(Short descriptive text snippets)
★ ★ ★ ★ ★ ★ ★

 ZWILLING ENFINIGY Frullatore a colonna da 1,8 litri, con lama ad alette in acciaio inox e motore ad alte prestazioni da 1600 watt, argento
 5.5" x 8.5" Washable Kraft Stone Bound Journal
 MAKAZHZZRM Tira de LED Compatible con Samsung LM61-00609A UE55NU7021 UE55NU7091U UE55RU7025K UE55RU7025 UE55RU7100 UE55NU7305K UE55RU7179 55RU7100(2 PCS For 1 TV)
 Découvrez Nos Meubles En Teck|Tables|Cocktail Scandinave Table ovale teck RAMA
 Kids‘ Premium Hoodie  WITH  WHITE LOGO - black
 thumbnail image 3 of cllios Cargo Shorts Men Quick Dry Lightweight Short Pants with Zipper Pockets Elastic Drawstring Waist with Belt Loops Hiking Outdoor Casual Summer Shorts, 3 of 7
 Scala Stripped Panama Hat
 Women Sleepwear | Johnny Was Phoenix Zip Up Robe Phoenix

★ ★ ★ ★ ★ ★ ★

Instructions to follow:
Reply with an exact copy of the lines running from the one containing "MAKAZHZZRM Tira de" through the end of the entries above, both ends included.

Result of the task:
 MAKAZHZZRM Tira de LED Compatible con Samsung LM61-00609A UE55NU7021 UE55NU7091U UE55RU7025K UE55RU7025 UE55RU7100 UE55NU7305K UE55RU7179 55RU7100(2 PCS For 1 TV)
 Découvrez Nos Meubles En Teck|Tables|Cocktail Scandinave Table ovale teck RAMA
 Kids‘ Premium Hoodie  WITH  WHITE LOGO - black
 thumbnail image 3 of cllios Cargo Shorts Men Quick Dry Lightweight Short Pants with Zipper Pockets Elastic Drawstring Waist with Belt Loops Hiking Outdoor Casual Summer Shorts, 3 of 7
 Scala Stripped Panama Hat
 Women Sleepwear | Johnny Was Phoenix Zip Up Robe Phoenix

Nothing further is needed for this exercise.